*** Supplied data ***

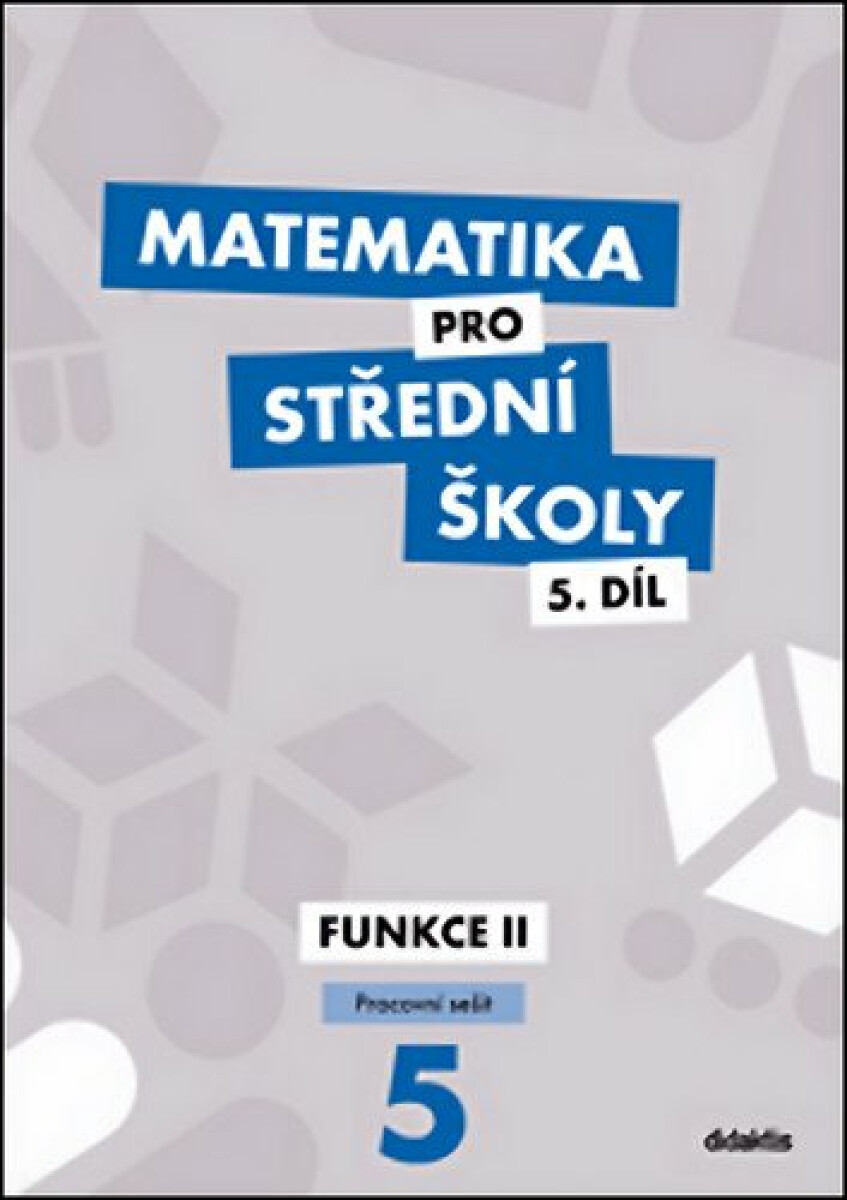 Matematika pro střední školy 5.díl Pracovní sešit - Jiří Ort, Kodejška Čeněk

*** End of Supplied data ***
*** Supplied data ***

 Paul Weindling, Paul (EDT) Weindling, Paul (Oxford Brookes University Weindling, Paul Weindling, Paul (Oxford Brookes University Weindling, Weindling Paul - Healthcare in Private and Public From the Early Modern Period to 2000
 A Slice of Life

*** End of Supplied data ***

How to complete this task:
Scan the listing above for the line that has "Paul Weindling, Paul (EDT)", then copy exactly from that line through the line that has "A Slice of Life".

Response to this task:
 Paul Weindling, Paul (EDT) Weindling, Paul (Oxford Brookes University Weindling, Paul Weindling, Paul (Oxford Brookes University Weindling, Weindling Paul - Healthcare in Private and Public From the Early Modern Period to 2000
 A Slice of Life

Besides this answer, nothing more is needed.